In [None]:
import tensorflow as tf
physical_devices = tf.config.experimental.list_physical_devices('GPU')
assert len(physical_devices) > 0, "Not enough GPU hardware devices available"
config = tf.config.experimental.set_memory_growth(physical_devices[0], True)

# Generative Adversarial Imitation Learning (GAIL)

By the end of this tutorial you will know how to use the GAIL algorithm provided in this library to solve an imitation learning problem where the expert are you.

If you did the 10_IRL_tutorial you almost know how to use GAIL because is very similar to DeepIRL usage. 

In [None]:
import gym
from gym.utils import play
from IL_Problem.base.utils.callbacks import Callbacks, load_expert_memories
from RL_Agent import dddqn_agent, ppo_agent_discrete_parallel
from RL_Agent.base.utils.networks import networks
from IL_Problem.base.utils.networks import networks_dictionaries as il_networks
from RL_Problem import rl_problem as rl_p
from IL_Problem.deepirl import DeepIRL
from IL_Problem.gail import GAIL
from tensorflow.keras.models import Model, Sequential
from tensorflow.keras.layers import Dense, Conv2D, Flatten, Input, MaxPooling2D
import numpy as np

# Collecting Expert Trajectories

In the next cell, you have take the role of an expert and play to Space Invader to record some experiences.
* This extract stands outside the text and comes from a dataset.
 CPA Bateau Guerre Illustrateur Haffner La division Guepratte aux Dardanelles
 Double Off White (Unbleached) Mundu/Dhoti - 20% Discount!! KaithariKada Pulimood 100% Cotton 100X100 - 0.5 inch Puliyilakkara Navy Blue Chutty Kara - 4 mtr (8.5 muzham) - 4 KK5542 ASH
For recording the experiences we use the calback provided in "IL_Problem.base.utils.callbacks.py". Finally we use the utility from Gym to play an envirnment "gym.utils.play".

In [None]:
env_name = "SpaceInvaders-v0"
env = gym.make(env_name)

In [None]:
cb = Callbacks()

To control the ship use "A" and "D" to move left or rigth and "space bar" to shoot. When you think that you have enough experiences close the environment in the cross (x) or using "Esc".

In [None]:
play.play(env, zoom=3, callback=cb.remember_callback)

Save the experience to disck.

In [None]:
exp_path = "expert_demonstrations/SpaceInvaders_expert.pkl"
cb.save_memories(exp_path)

# Define a RL Problem

## Preprocessing and Normalization

We want to preprocess the input images in order to reduce the dimensionality, crop the edges, convert to grayscale and normalize the pixel values. Here, we define the function to do all this stuff.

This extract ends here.